WORK REQUIRED >>
When copying the data below, keep only the lines from the one with "570 Wildwood Road" through the one with "european city. photo", word for word, and skip the pictures.

ENTRIES PROVIDED >>
* * * *

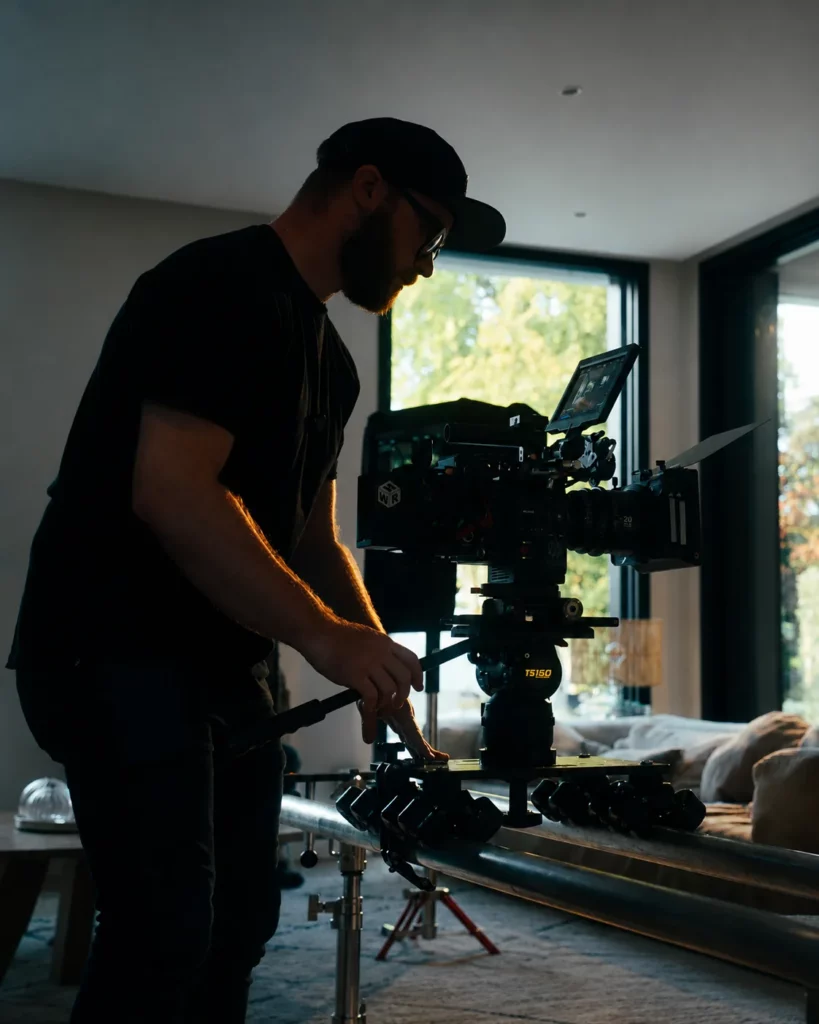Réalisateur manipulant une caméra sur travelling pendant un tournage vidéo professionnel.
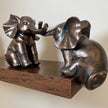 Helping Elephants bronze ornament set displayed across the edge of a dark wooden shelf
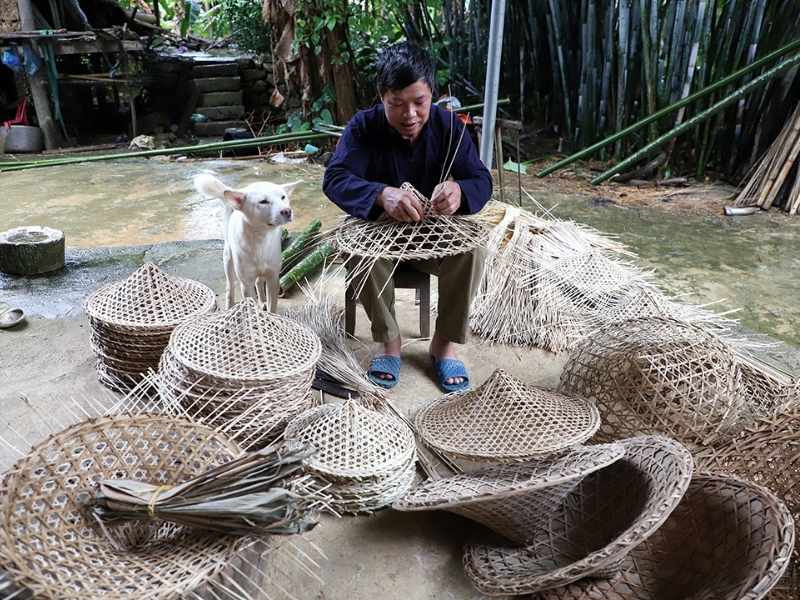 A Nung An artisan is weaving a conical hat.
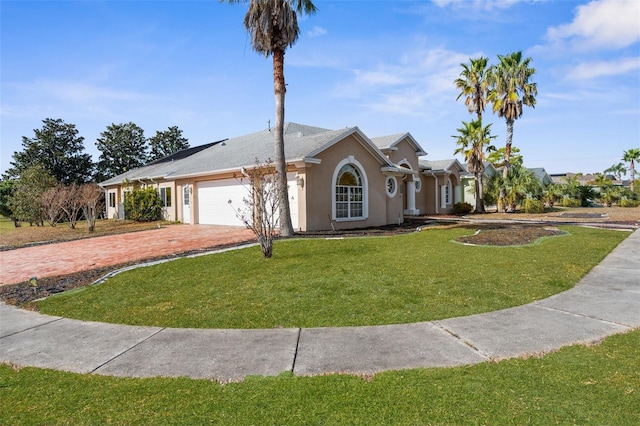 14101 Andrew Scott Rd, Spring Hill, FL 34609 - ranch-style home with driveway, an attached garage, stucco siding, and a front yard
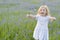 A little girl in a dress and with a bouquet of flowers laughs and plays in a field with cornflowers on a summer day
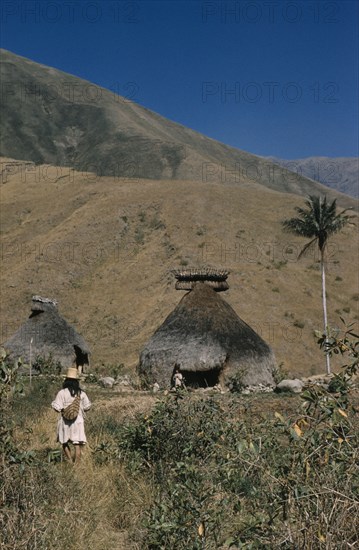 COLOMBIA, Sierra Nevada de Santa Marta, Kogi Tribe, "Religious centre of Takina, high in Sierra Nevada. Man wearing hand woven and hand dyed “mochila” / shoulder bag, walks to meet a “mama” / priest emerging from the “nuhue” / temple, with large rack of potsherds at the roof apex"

* * * *

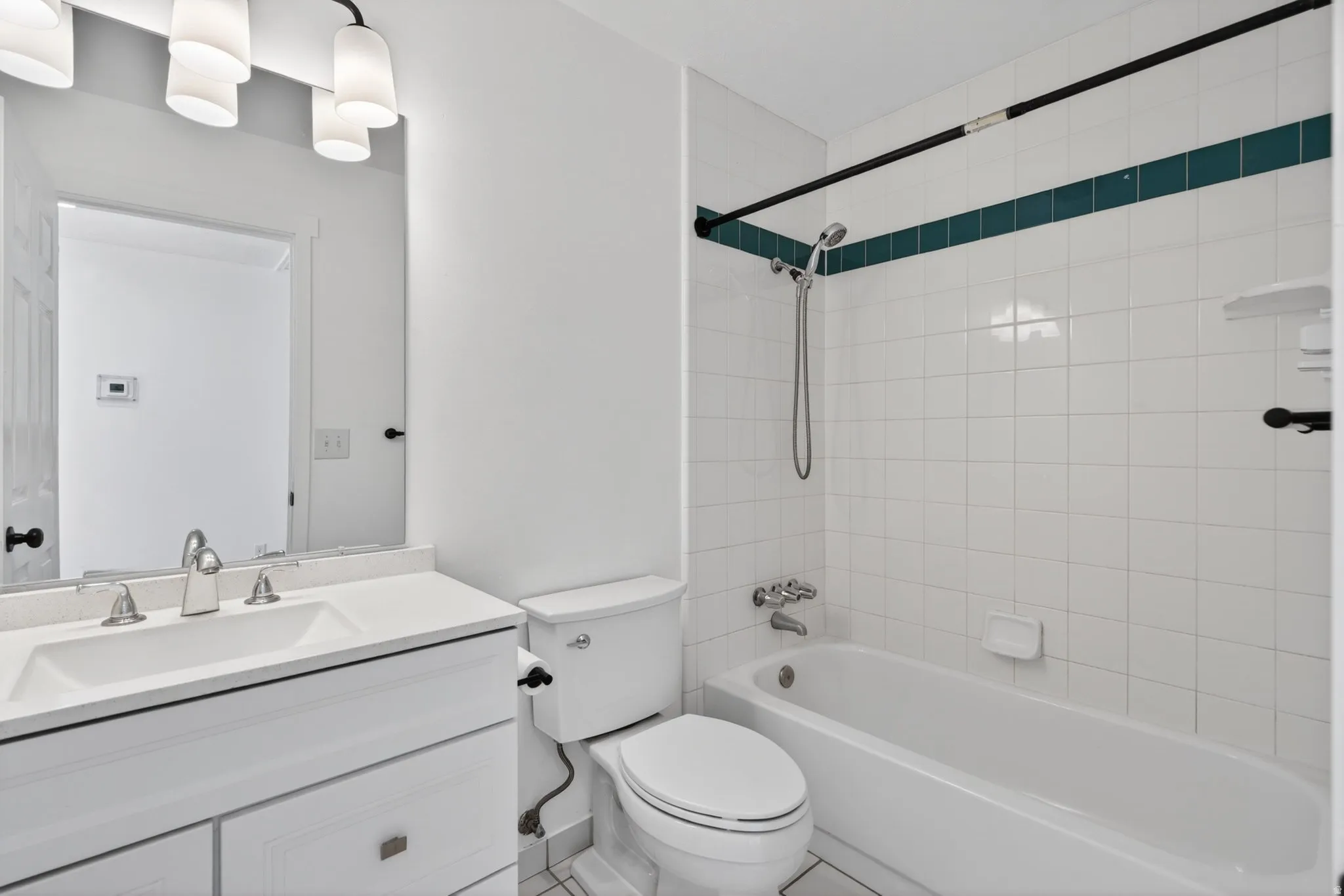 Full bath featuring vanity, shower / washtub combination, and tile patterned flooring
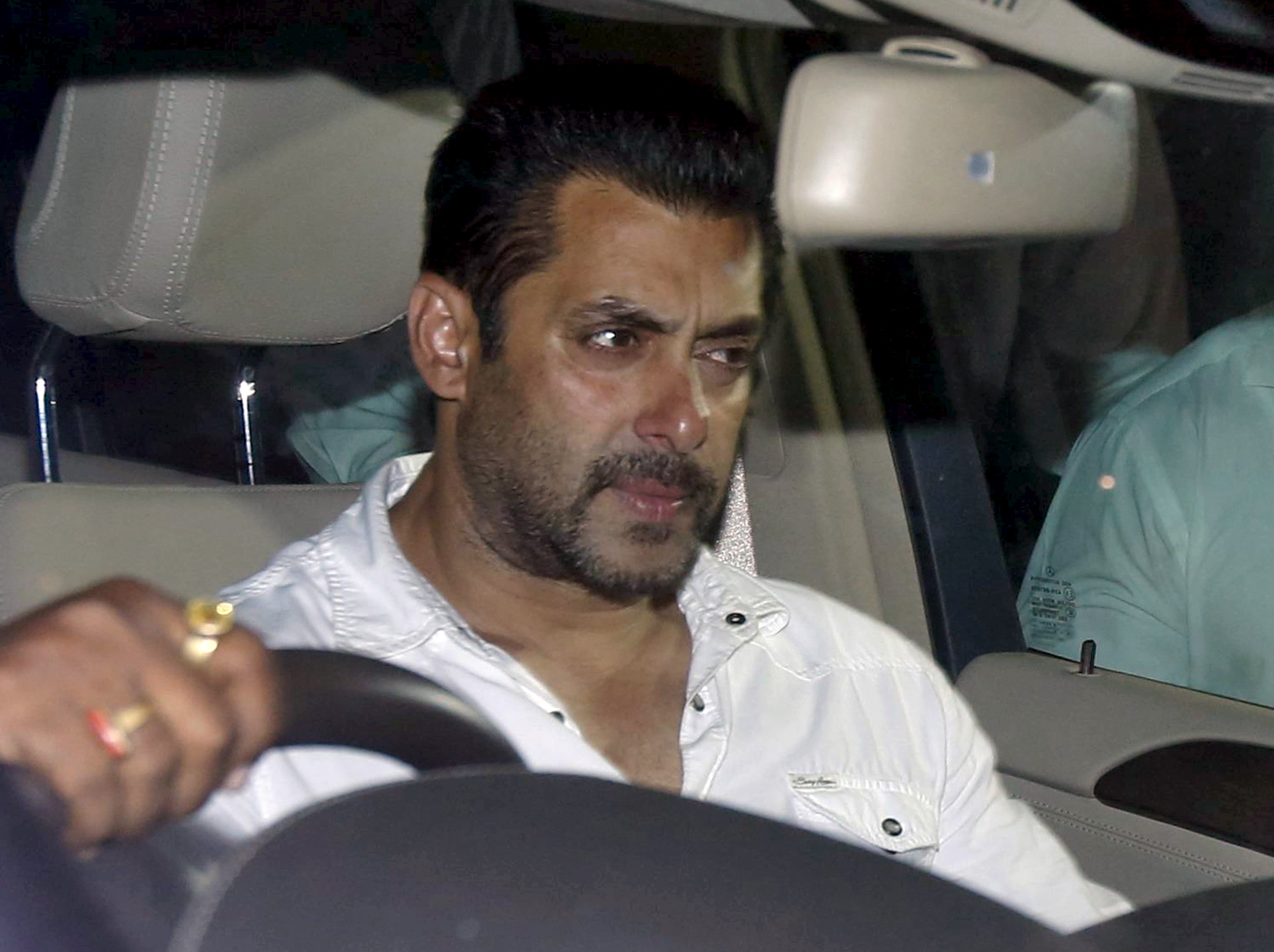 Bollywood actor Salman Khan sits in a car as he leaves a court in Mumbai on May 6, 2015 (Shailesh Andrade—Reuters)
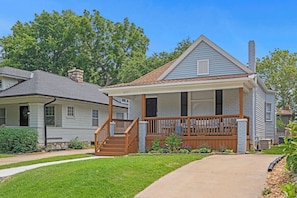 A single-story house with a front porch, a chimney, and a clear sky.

* * * *

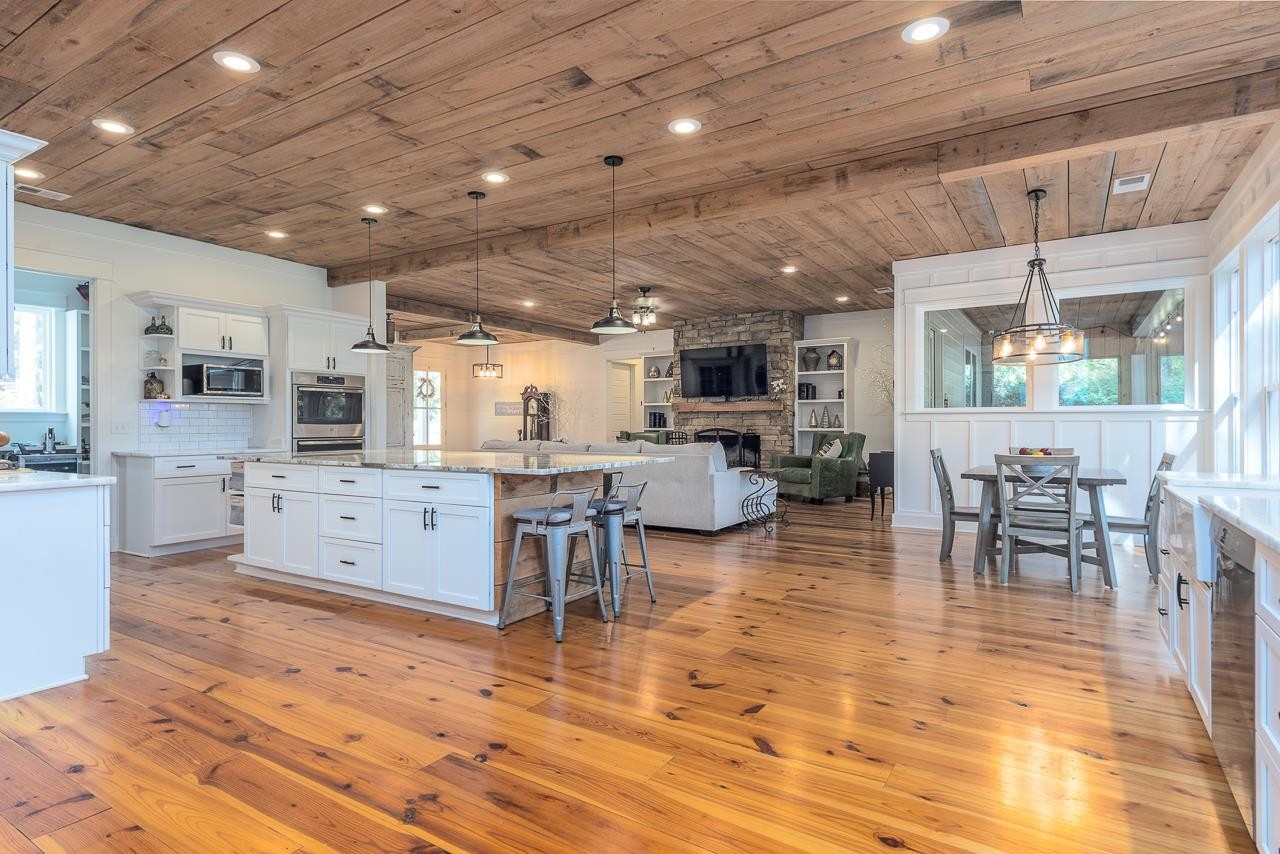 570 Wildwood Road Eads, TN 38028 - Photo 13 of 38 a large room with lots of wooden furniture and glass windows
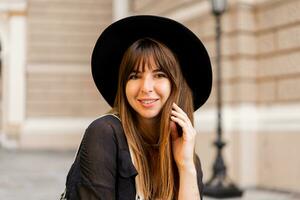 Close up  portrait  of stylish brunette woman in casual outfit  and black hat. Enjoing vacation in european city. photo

* * * *

SOLUTION TO THIS PROBLEM >>
 570 Wildwood Road Eads, TN 38028 - Photo 13 of 38 a large room with lots of wooden furniture and glass windows
 Close up  portrait  of stylish brunette woman in casual outfit  and black hat. Enjoing vacation in european city. photo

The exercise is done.